Pretty Reckless work in progress

Taylor Momsen may not be one of your favorite people, but whether it’s her attitude or her role on the CW series “Gossip Girl” that bothers you, that’s no reason to completely dismiss her band. The Pretty Reckless’s music, although its a little overwrought with drugs and sexual references, it presents a new and compelling sound.

True, it is hard to look at her music objectively when the bio on her website and various news articles about her consistently have her referring to herself as “true rock ‘n’ roll,” or matching the styles of legends like Kurt Cobain and Led Zeppelin.

The Pretty Reckless is comprised of still-jailbait Momsen, along with Ben Phillips, Mark Damon and Jamie Perkins.

Momsen’s voice is perfectly suited for the type of music she wants to produce.
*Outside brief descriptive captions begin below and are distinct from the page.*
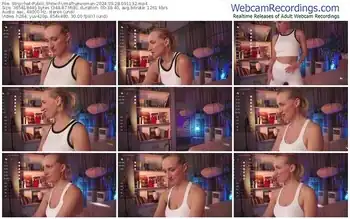 stripchat-umatruewoman-09-28-2024-09-11-32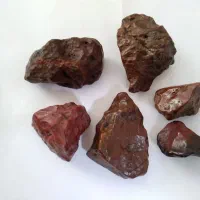 معاوضه با گوشی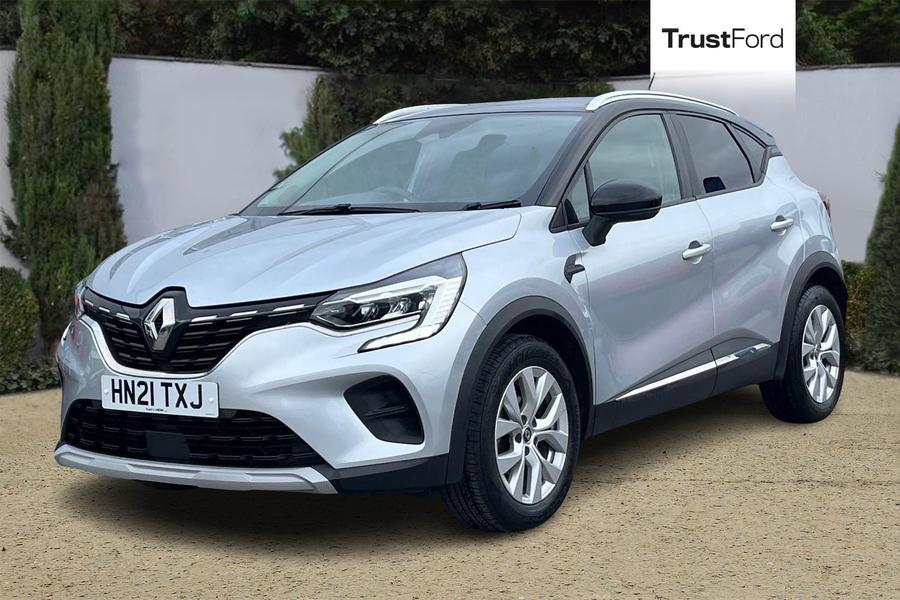 Renault CAPTUR Photo autoimg-95b821247801c1c0c720d005f854ee865dff7bd9.jpg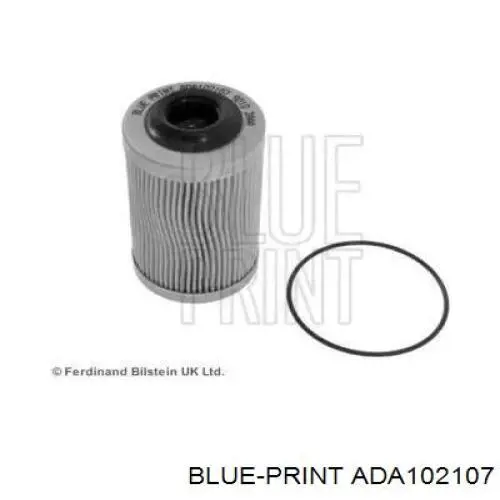 Filtro de óleo Shafer FOE399D preço, a partir de 6,55 USD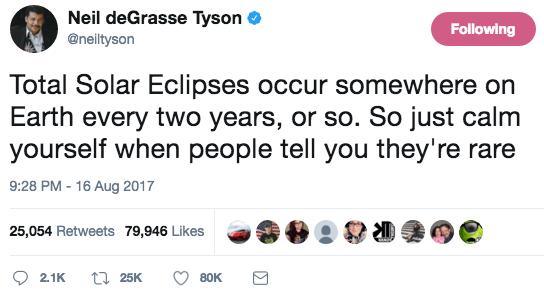 eclipse_neil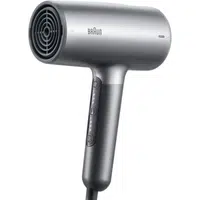 Braun Hair Care Satin Hair 7 AS 720 fén na vlasy 1 ks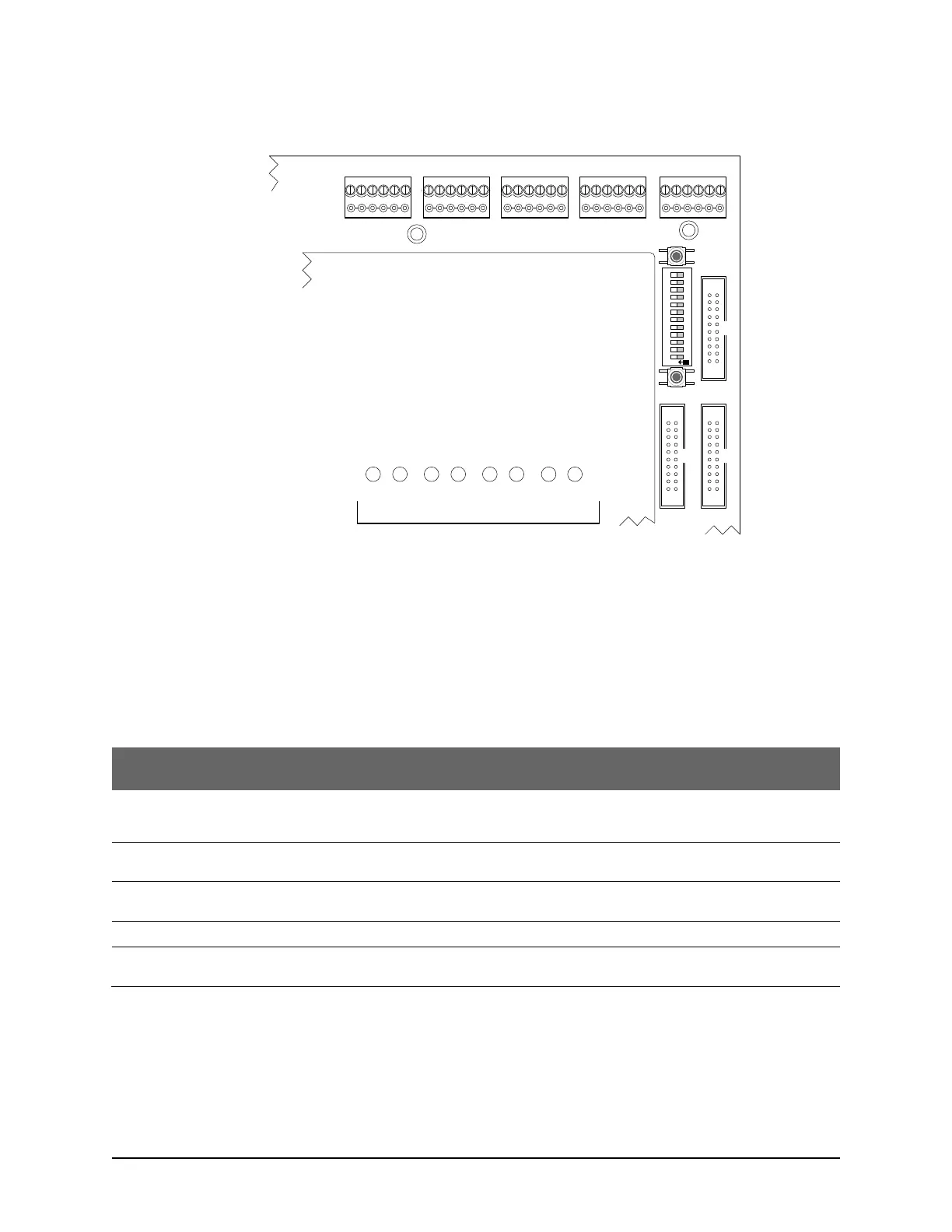 Page #89 background image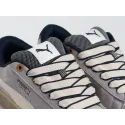 Кроссовки Puma Suede XL - 44004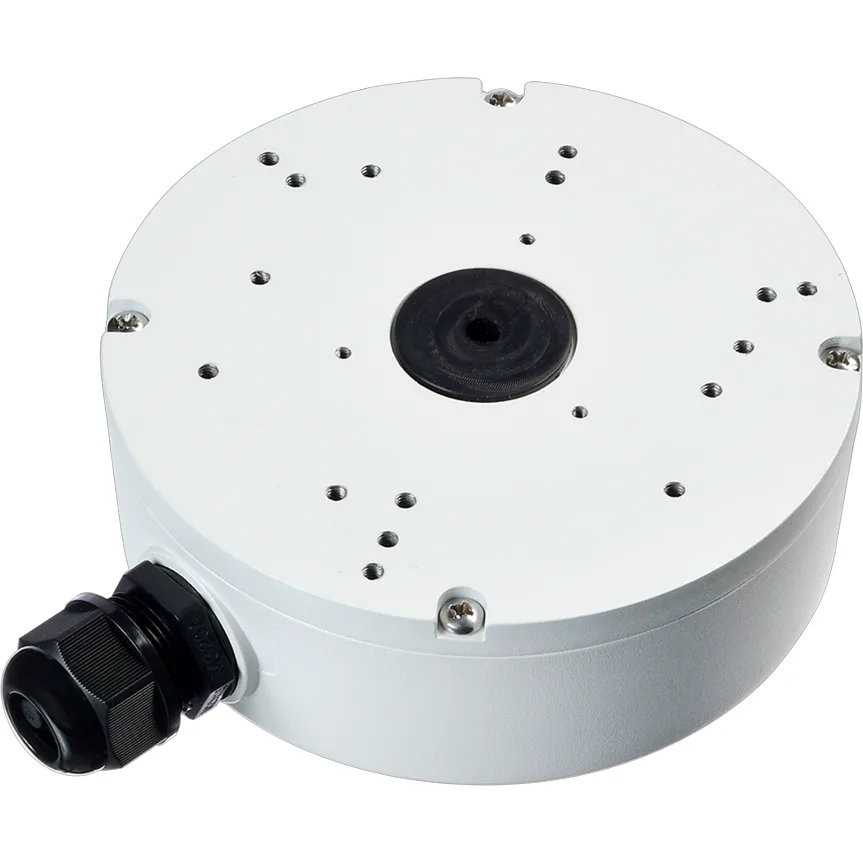 RVI RVI-1BMB-8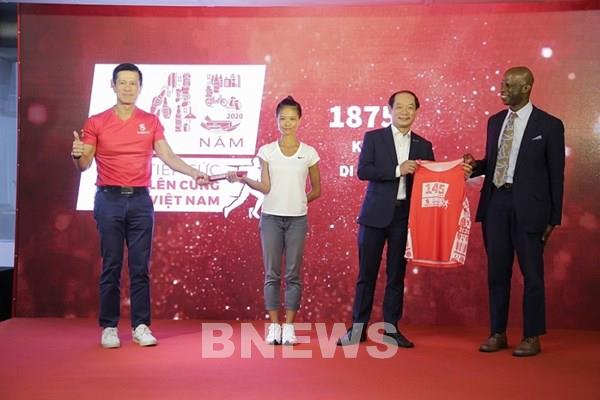 SABECO phát động gây quỹ ủng hộ người lao động bị ảnh hưởng bởi dịch COVID-19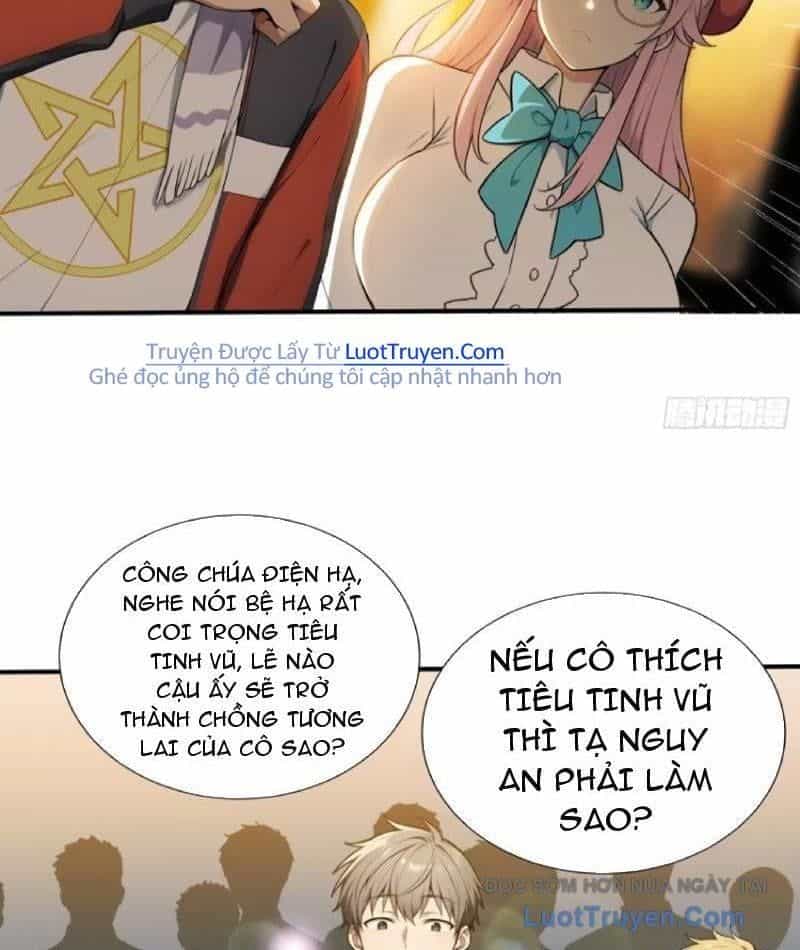 Đệ Nhất Ngự Thú Sư - Chương 97 - ảnh 37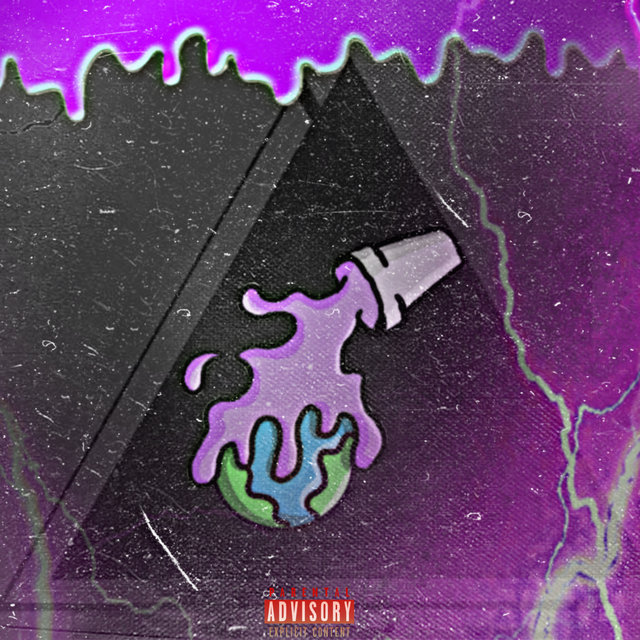 Plug do Roxo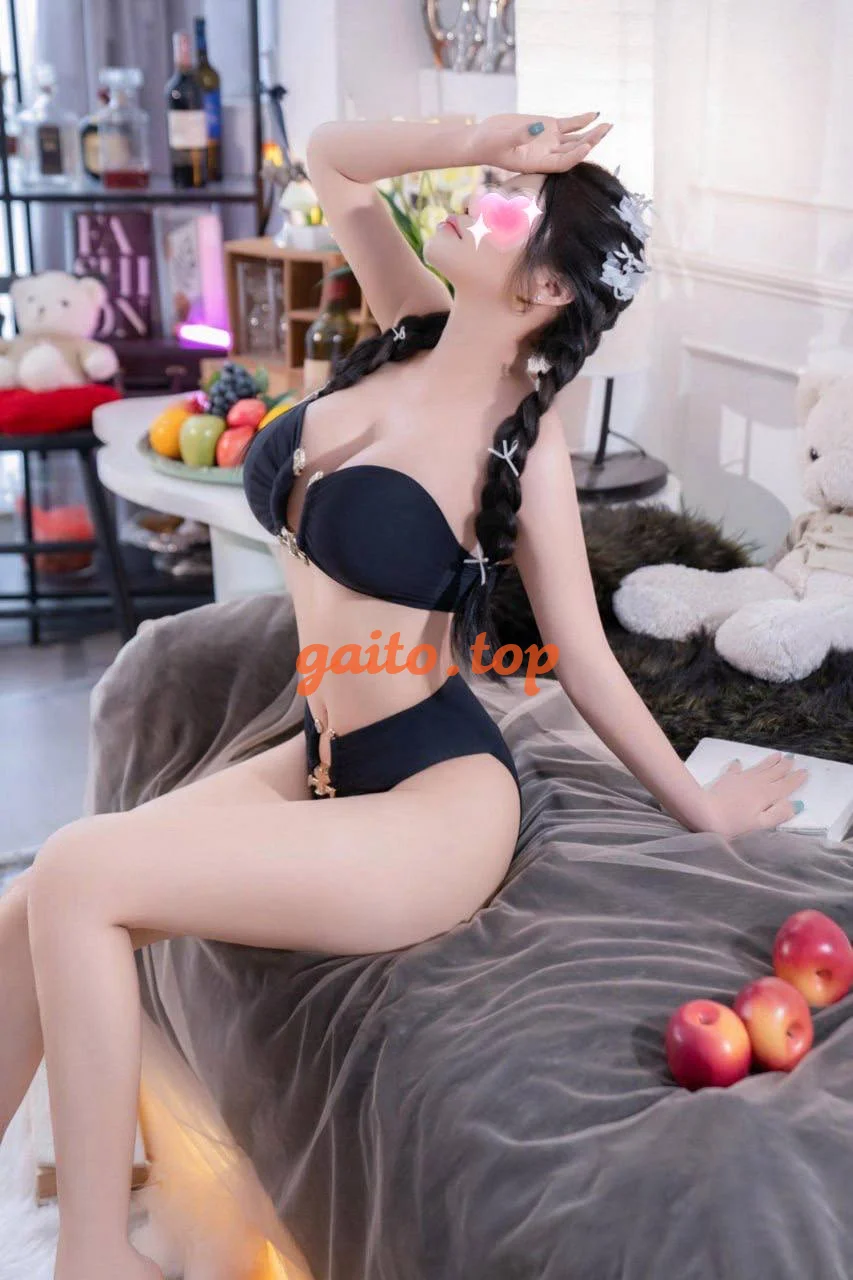 [⭐ V.I.P ]❣️Mie❣️  XINH ĐẸP QUYẾN RŨ - BODY MI NHON - YÊU CHIỀU TÌNH CẢM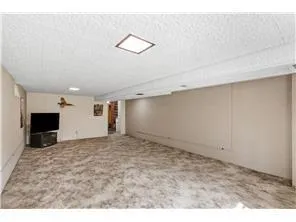 845 Spencer Street S Shakopee, MN 55379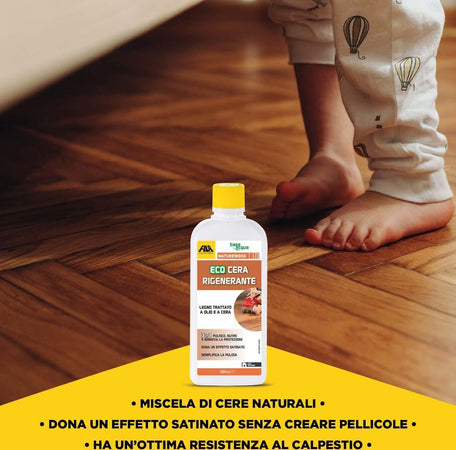 FILA-NATUREWOOD-ML.500-cera-rigenerante-per-legno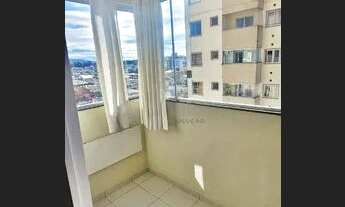 Imagem 7: APTO 02 Quartos, 01 Vaga, Mobiliado - Areias - Santa Catarina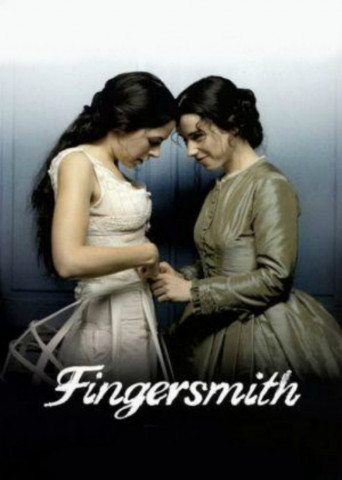 Fingersmith (2005)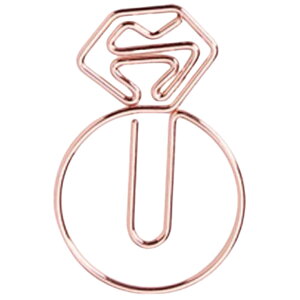  Nbv y[p[Nbv [Nbv 5Zbg  [ pi Xe[Vi[  X^[   킢  j[N G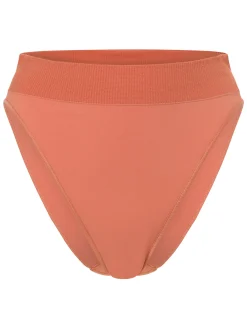 sloggi Damen Slip - Ever Infused in terra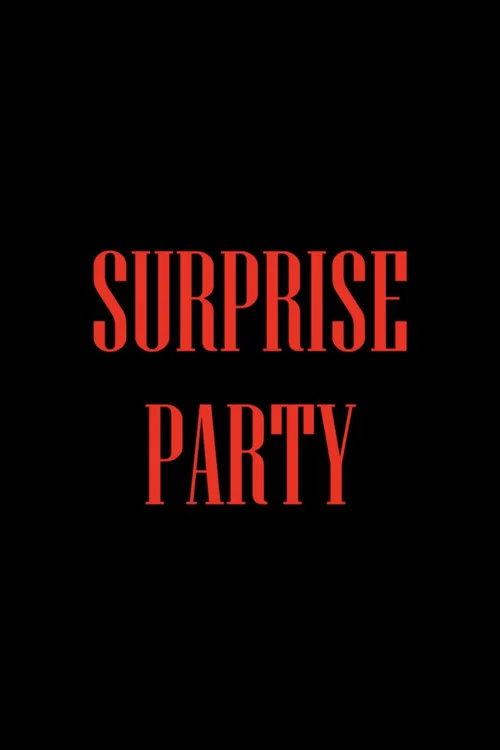 Surprise Party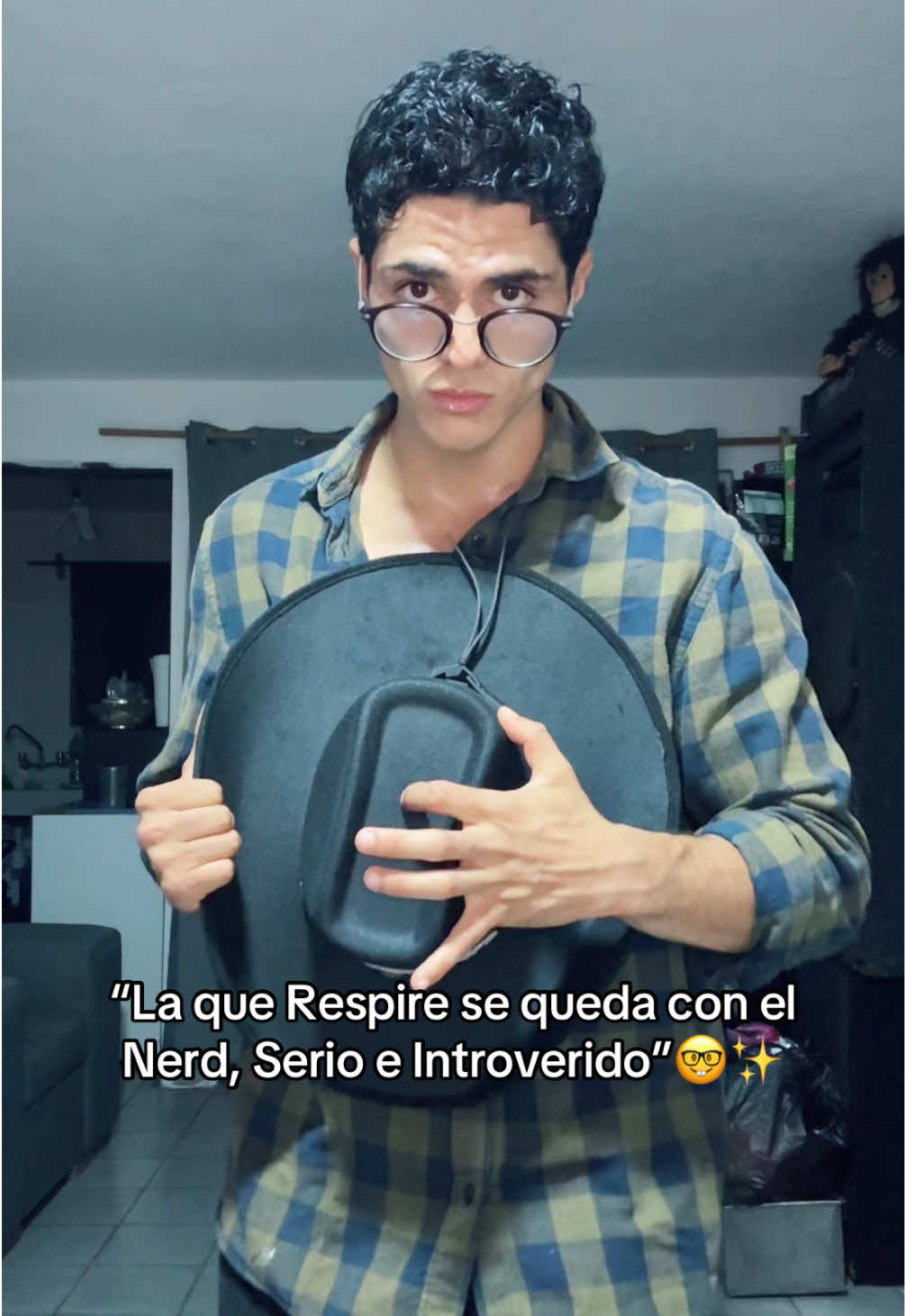 @David Guti&eacute;rrez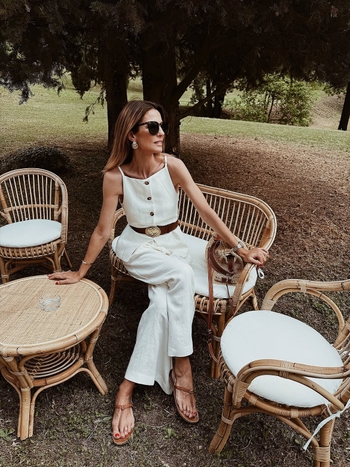 Roberta Ruiu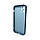 Чохол для смартфона AG Glass Gradient LV Frame for Apple iPhone 11 Sierra Blue, фото 3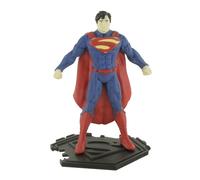 Comansi - Superman fort, figurine de collection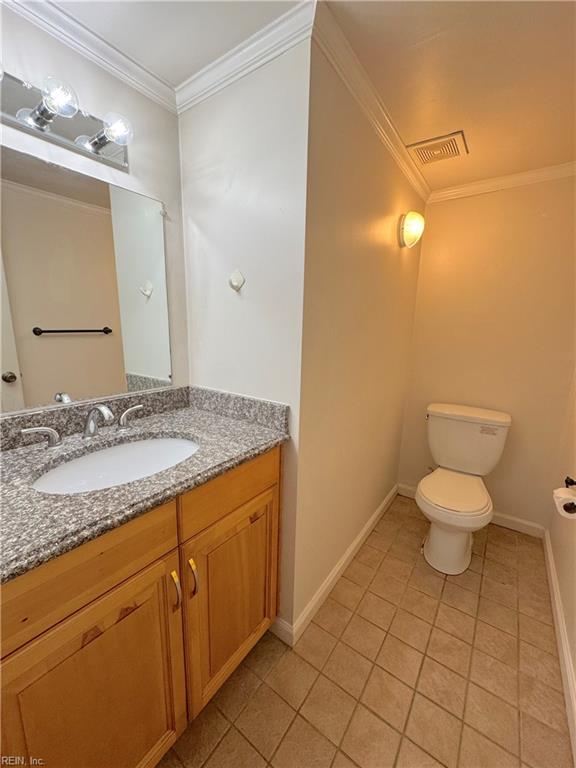 5611 Morningside Ct Property Photo 31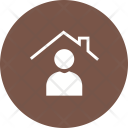 پیش‌نمایش فایل agent-44 از پک املاک و مستغلات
While still sounding young, there is a deeply cynical, throaty feel to her singing voice, somehow managing to growl out the more intense parts of the album. She sings with soul like it’s the only thing she can do.

The Pretty Reckless’s music is good—there’s no denying that fact. Momsen’s trio of dark-haired musicians pound out the rougher tunes, like “My Medicine,” but keep it simple and light to match Momsen’s voice on tracks like “You.”

This is what sets the Pretty Reckless apart. Their songs are catchy, and there is no denying the power of Momsen’s voice.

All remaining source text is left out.